GOAL OF THE EXERCISE: Give back every line of the material below exactly, but no images.

━━ DATASET EXCERPT

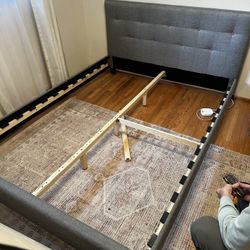 Queen Gray Upholstered Headboard and Bed frame 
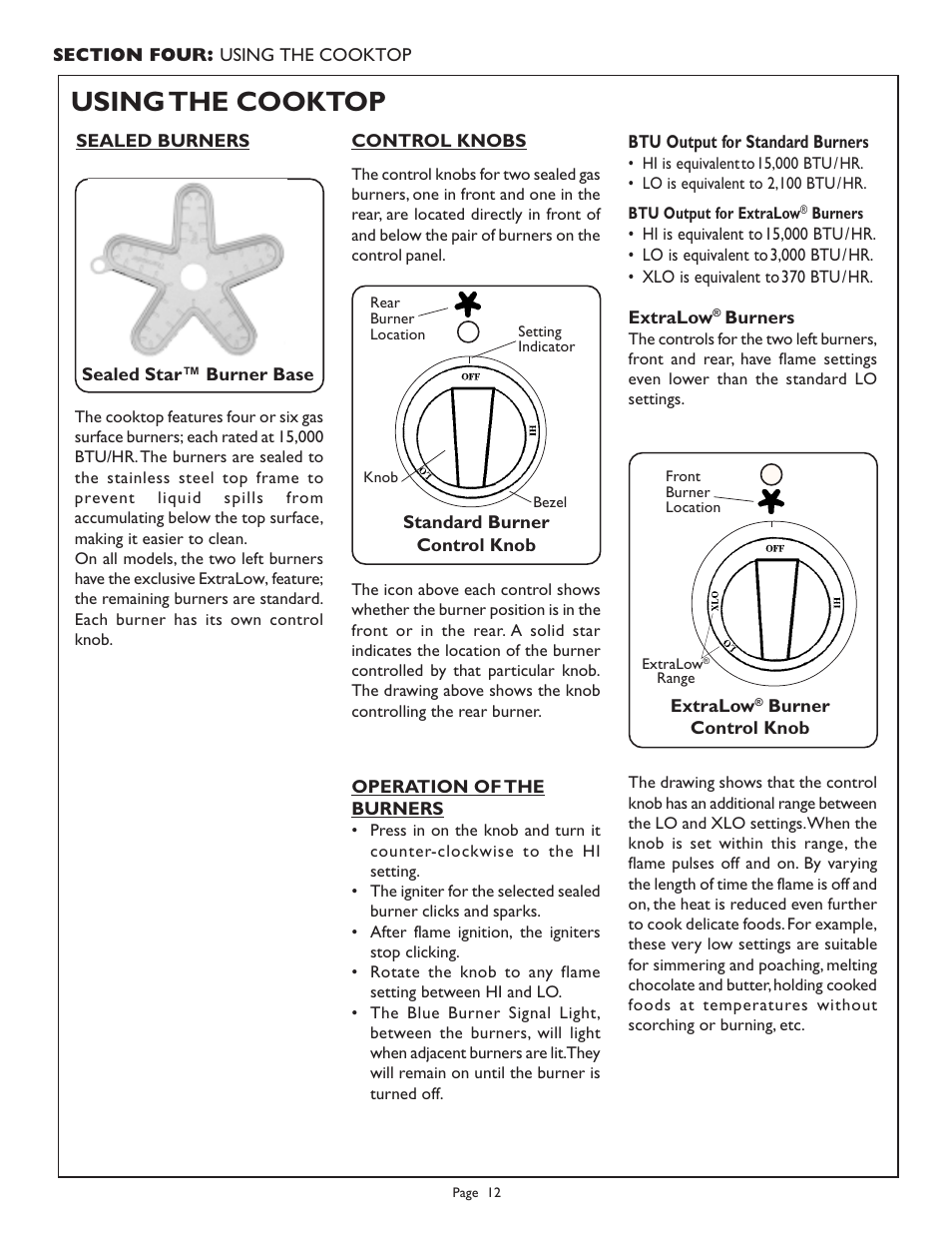 Using the cooktop | Thermador PGR304 User Manual | Page 14 / 48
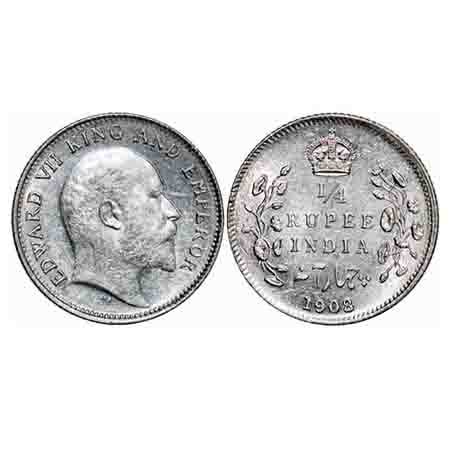Edward VII, Silver, 1/4 Rupee, 1908, Calcutta mint, No mint mark. F. Prid 437. GK 977. Unc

━━━━

YOUR RESPONSE:
 Queen Gray Upholstered Headboard and Bed frame 
 Using the cooktop | Thermador PGR304 User Manual | Page 14 / 48
Edward VII, Silver, 1/4 Rupee, 1908, Calcutta mint, No mint mark. F. Prid 437. GK 977. Unc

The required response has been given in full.